# Gw-6900 Black Vs. Yellow



## James (Jul 17, 2006)

Alrighty bit the bullet today at a buddies. In all fairness the black piece looks way better than my pics, there was maybe 45min left of sunlight on a dull rainy day and my camera meter worked a lot better on the yellow piece

I will say though the yellow is more stunning.

Has one red eye. The blue text instead of red in the multiband. Blue highlights are the red eye. Most noticeable too is the yellow strap is thicker, different less humps. tapers after the last hump but is wider than the black strap and does not taper towards the end. The contrasts in the yellow piece are really quite stunning.
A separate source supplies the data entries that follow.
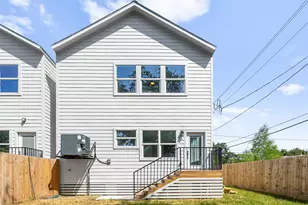 2303 Staples St, Houston, TX 77026 - Photo 26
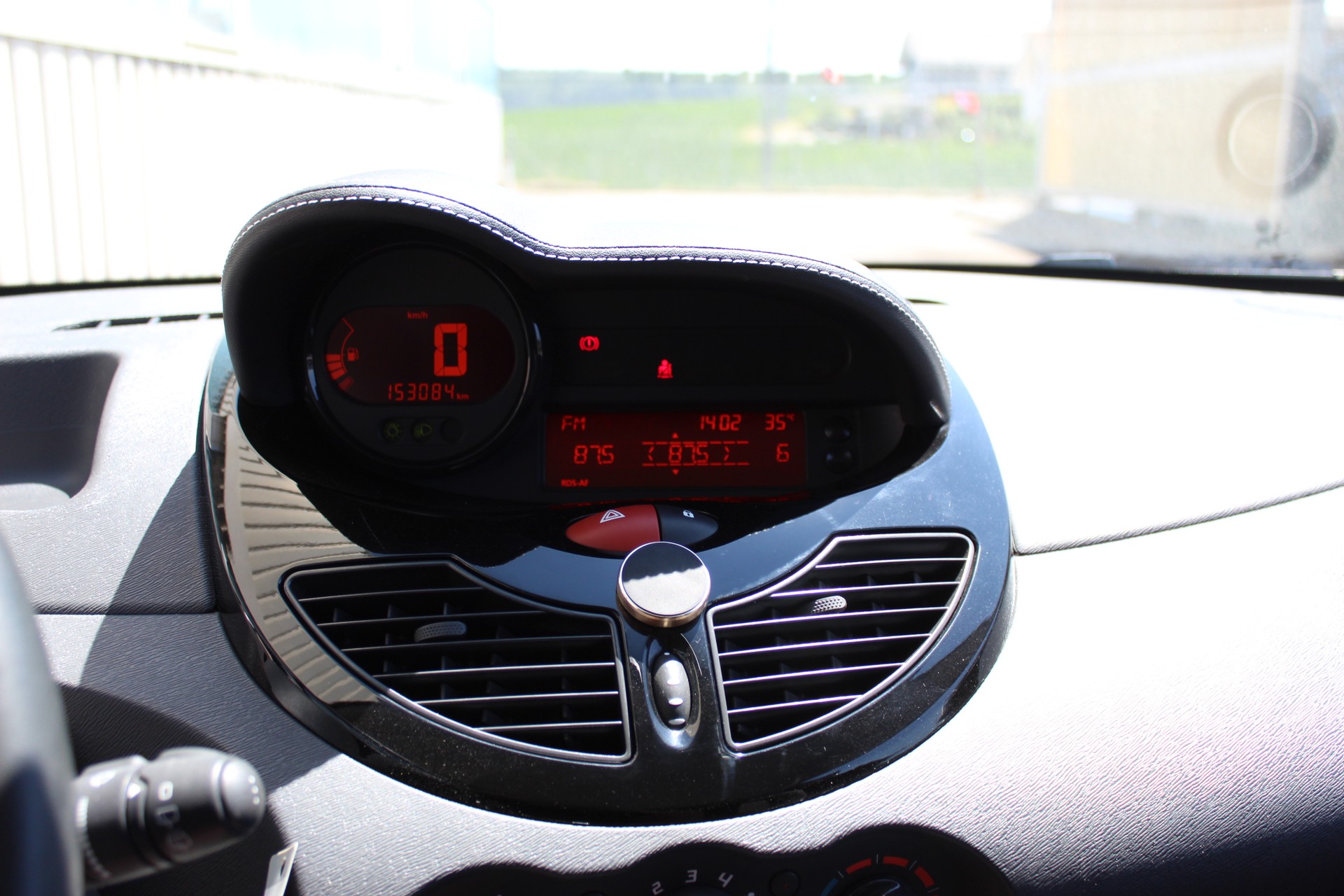 RENAULT Twingo 1.2 16V Dynamique-image-14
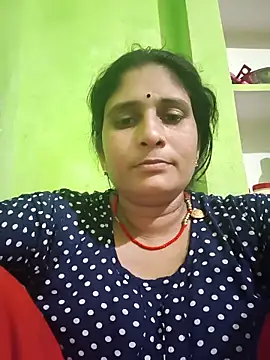 Snapshot of Hot-piuy chatting on September 2025 03:33:01 PM Hot-piuy online show from September 2025 03:33:01 PM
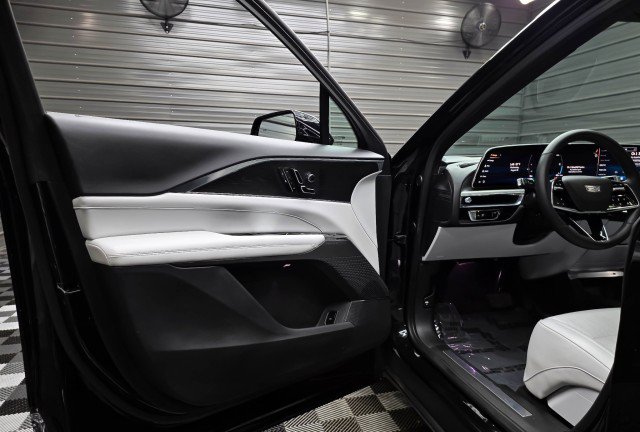 Used 2024 Cadillac Lyriq Luxury RWD image 35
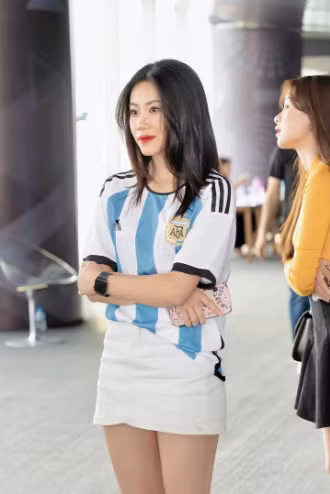 Hot girl Nóng cùng World Cup 2022 này sinh năm 2002 tại Phú Thọ. Cô đang là mẫu ảnh tự do tại Hà Nội.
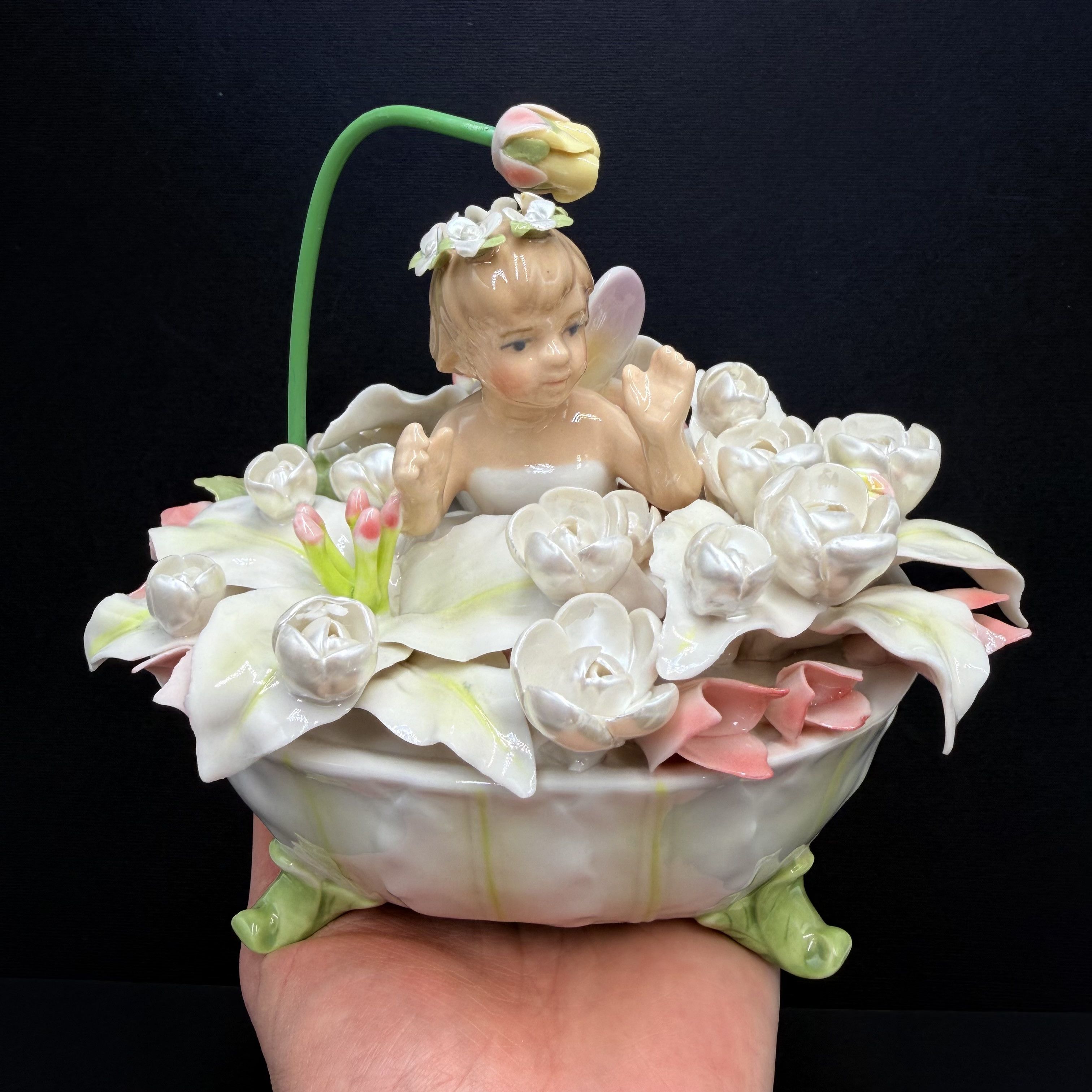 Vintage Pavone Musical Fairy Porcelain Flower Bath Music Box Size ONE SIZE - 1 Thumbnail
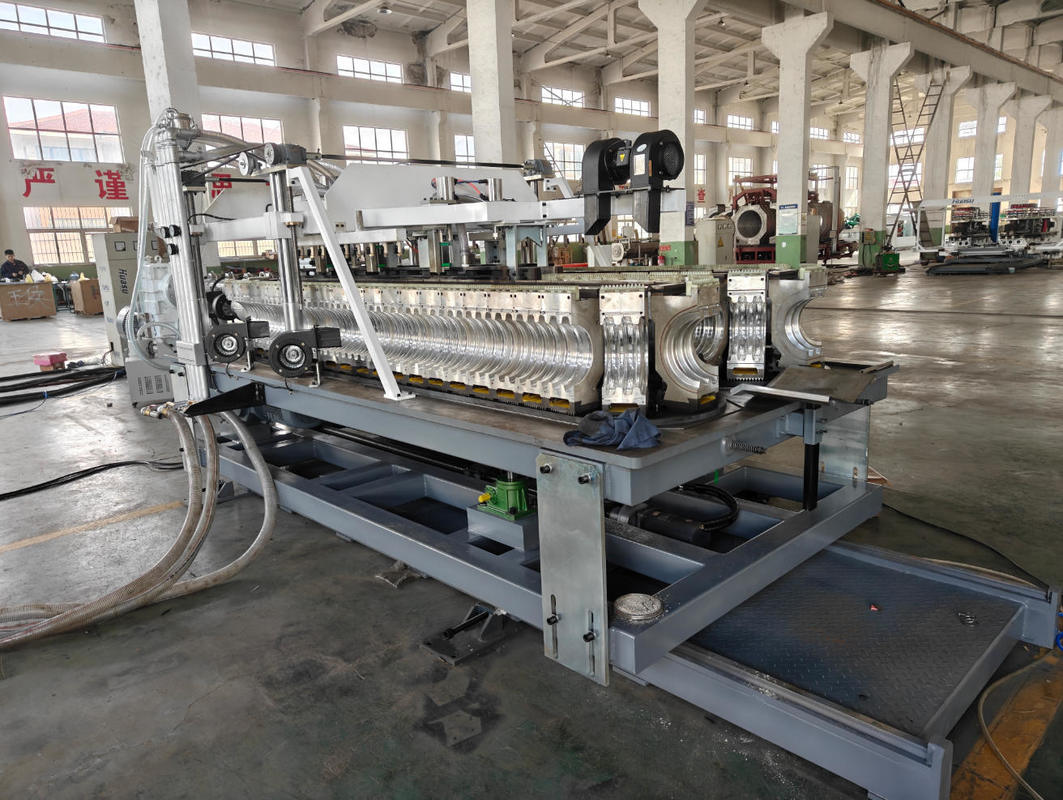 Αυτόματη γραμμή εξώθησης σωλήνων κυματοειδών μονής τοιχώματος με υλικό βαρελιού 38CrMoAlA για σωλήνες 75-250mm με ταχύτητα εξόδου 15m/min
But I like my black piece too it looks just as stunning the face, just poorer pics on it today but you have all seen stunning shots of the black pieces

Despite both being 53x50x17.7 the yellow one seems larger maybe because of the strap


----------



## James (Jul 17, 2006)




----------



## Rotundus (May 7, 2012)

i'd like the yellow one but in black please!

the yellow in yellow would be a gift for one of my neices.

both good though!


----------



## James (Jul 17, 2006)

Its my summer fun in sun color lol. I can almost hear the Beach Boys music I think


----------



## levon2807 (Mar 17, 2010)

I just picture you running down the beach in slow motion Bay Watch style James! It seems very much like a life guards watch...


----------



## James (Jul 17, 2006)

levon2807 said:


> I just picture you running down the beach in slow motion Bay Watch style James! It seems very much like a life guards watch...
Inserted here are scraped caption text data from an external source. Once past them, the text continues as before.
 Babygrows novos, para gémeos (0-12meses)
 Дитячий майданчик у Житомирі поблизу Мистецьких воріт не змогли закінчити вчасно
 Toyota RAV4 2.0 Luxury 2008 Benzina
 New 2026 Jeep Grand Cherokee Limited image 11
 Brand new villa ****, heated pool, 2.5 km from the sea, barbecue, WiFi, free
I was, have maybe 50 different badges and various certs both Red Cross and RLSS used to teach too mostly tots and tadpoles










....


----------



## Andy the Squirrel (Aug 16, 2009)

I have a stormtrooper white one coming!


----------



## Thian (Nov 23, 2008)

James, a classic updated 6900 model! Perfect for you. Did you get those Canadian patches while in Canada? I see you are from Ontario Calif.!!! (I'm an expat Vancouverite)


----------



## Andy the Squirrel (Aug 16, 2009)

First pic of my new stormtrooper


----------



## James (Jul 17, 2006)

nice piece  Put a bit of armor all on the case and strap will keep dirt from setting in permanently, whites a bit harder to keep clean

And no, its always been Canada for me. It really should be CAN and two Letters for a province ON


----------



## rutteger (Apr 11, 2009)

The GW-6900 is certainly a worthy update to the classic DW-6900 by Casio. Looks good in all three but esp. love the white. May have to source one to go with my black dw-6900 at some point.


----------